> What the exercise asks
Give again, exactly as written, each line of the material below starting at the line that contains "Otisak sove na" and ending at the line that contains "Image of Foldable". Both ends count, and no other line does.

Top of Material for the task

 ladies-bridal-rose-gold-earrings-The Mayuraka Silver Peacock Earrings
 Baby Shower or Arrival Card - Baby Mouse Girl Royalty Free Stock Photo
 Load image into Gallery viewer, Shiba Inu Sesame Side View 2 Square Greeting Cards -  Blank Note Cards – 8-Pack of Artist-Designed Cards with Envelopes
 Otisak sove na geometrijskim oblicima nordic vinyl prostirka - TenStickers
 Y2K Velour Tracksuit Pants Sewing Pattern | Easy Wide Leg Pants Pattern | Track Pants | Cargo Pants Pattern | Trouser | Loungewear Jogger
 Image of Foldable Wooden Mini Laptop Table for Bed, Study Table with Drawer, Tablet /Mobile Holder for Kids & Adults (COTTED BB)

Bottom of Material for the task
Top of Material for the task

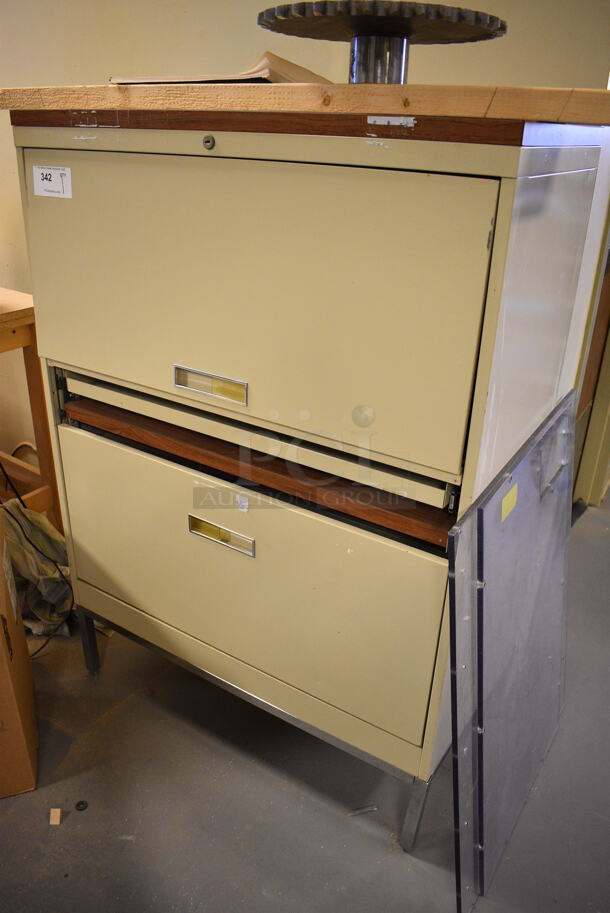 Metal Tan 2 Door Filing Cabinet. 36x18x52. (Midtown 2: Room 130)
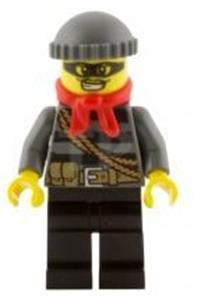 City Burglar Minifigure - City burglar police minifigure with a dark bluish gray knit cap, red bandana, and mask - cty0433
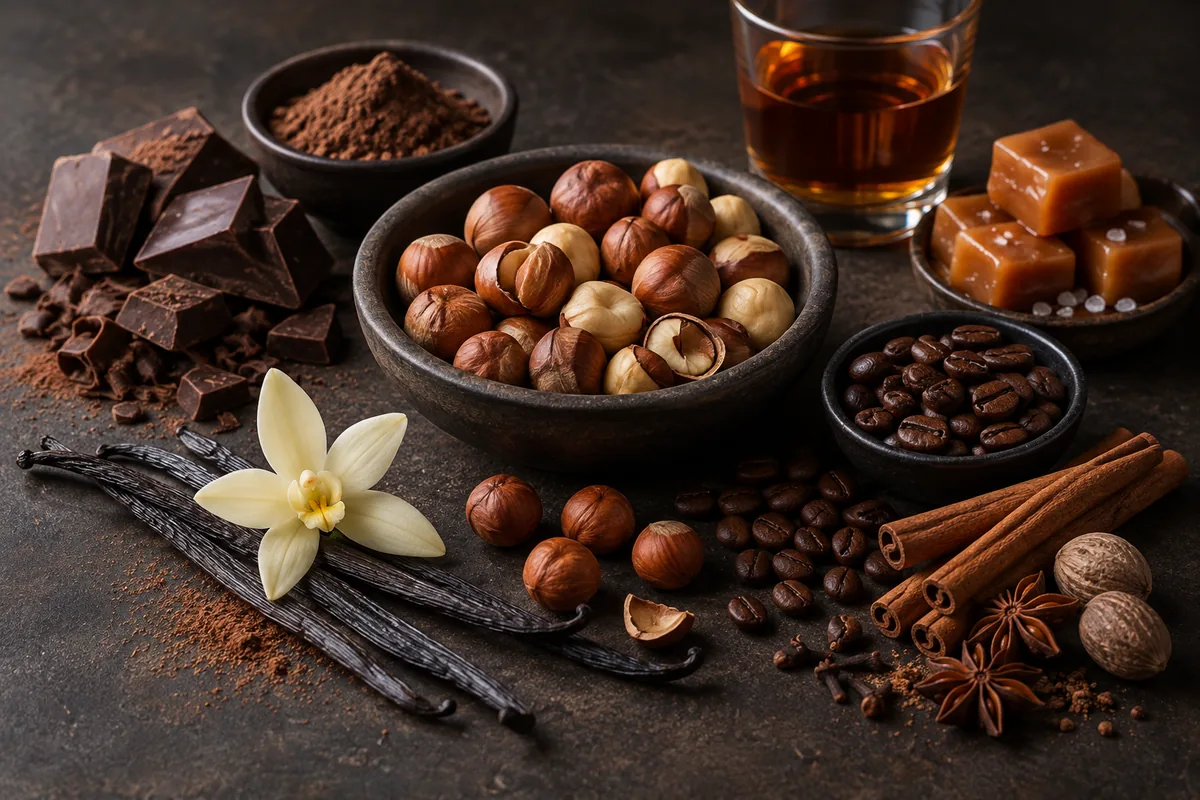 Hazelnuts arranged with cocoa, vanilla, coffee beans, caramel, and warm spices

Bottom of Material for the task
Top of Material for the task

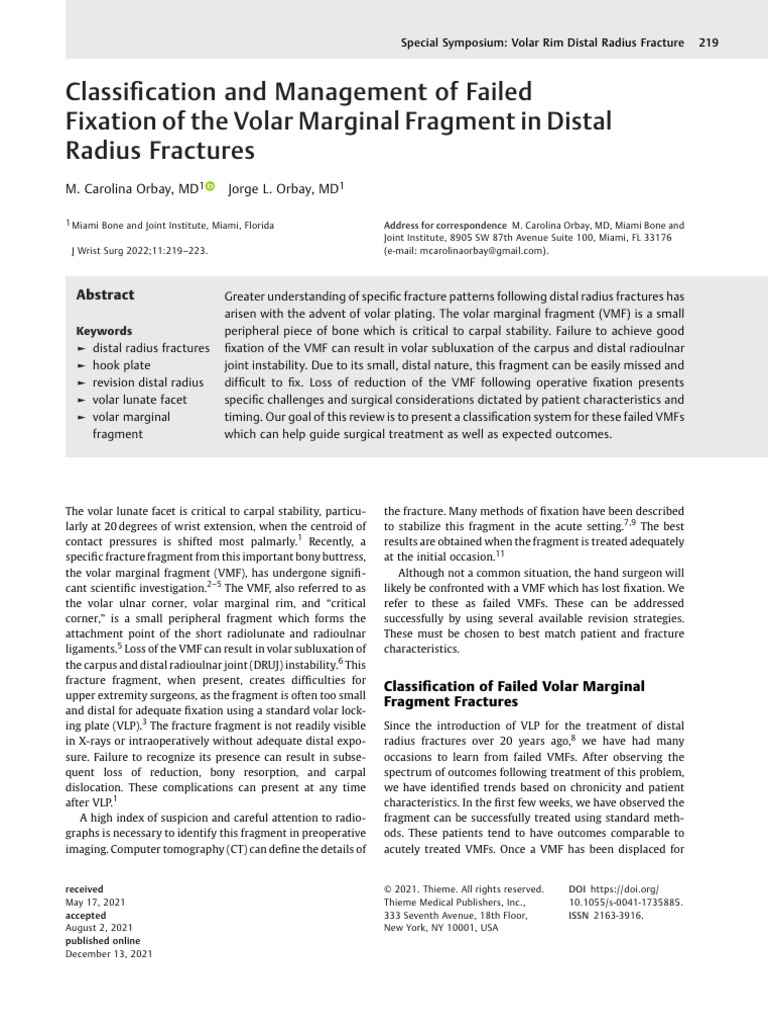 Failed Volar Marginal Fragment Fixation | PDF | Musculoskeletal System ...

Bottom of Material for the task

> The answer
 Otisak sove na geometrijskim oblicima nordic vinyl prostirka - TenStickers
 Y2K Velour Tracksuit Pants Sewing Pattern | Easy Wide Leg Pants Pattern | Track Pants | Cargo Pants Pattern | Trouser | Loungewear Jogger
 Image of Foldable Wooden Mini Laptop Table for Bed, Study Table with Drawer, Tablet /Mobile Holder for Kids & Adults (COTTED BB)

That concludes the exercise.